→ **Exercise aim**:
The records under this task must be duplicated exactly.

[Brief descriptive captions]

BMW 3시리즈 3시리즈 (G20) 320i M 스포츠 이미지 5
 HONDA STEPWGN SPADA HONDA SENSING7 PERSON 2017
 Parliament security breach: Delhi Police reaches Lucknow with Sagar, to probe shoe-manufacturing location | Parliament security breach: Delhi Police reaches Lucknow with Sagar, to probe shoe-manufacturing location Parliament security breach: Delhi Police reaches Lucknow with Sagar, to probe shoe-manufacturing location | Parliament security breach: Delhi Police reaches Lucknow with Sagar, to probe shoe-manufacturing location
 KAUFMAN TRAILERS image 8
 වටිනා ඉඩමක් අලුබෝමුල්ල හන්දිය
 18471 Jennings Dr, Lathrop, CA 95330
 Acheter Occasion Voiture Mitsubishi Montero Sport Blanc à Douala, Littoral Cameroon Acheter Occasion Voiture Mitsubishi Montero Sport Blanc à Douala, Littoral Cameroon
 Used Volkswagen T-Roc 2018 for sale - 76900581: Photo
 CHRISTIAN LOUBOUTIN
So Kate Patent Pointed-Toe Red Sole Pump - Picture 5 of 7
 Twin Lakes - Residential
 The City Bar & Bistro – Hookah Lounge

→ **Your response**:
BMW 3시리즈 3시리즈 (G20) 320i M 스포츠 이미지 5
 HONDA STEPWGN SPADA HONDA SENSING7 PERSON 2017
 Parliament security breach: Delhi Police reaches Lucknow with Sagar, to probe shoe-manufacturing location | Parliament security breach: Delhi Police reaches Lucknow with Sagar, to probe shoe-manufacturing location Parliament security breach: Delhi Police reaches Lucknow with Sagar, to probe shoe-manufacturing location | Parliament security breach: Delhi Police reaches Lucknow with Sagar, to probe shoe-manufacturing location
 KAUFMAN TRAILERS image 8
 වටිනා ඉඩමක් අලුබෝමුල්ල හන්දිය
 18471 Jennings Dr, Lathrop, CA 95330
 Acheter Occasion Voiture Mitsubishi Montero Sport Blanc à Douala, Littoral Cameroon Acheter Occasion Voiture Mitsubishi Montero Sport Blanc à Douala, Littoral Cameroon
 Used Volkswagen T-Roc 2018 for sale - 76900581: Photo
 CHRISTIAN LOUBOUTIN
So Kate Patent Pointed-Toe Red Sole Pump - Picture 5 of 7
 Twin Lakes - Residential
 The City Bar & Bistro – Hookah Lounge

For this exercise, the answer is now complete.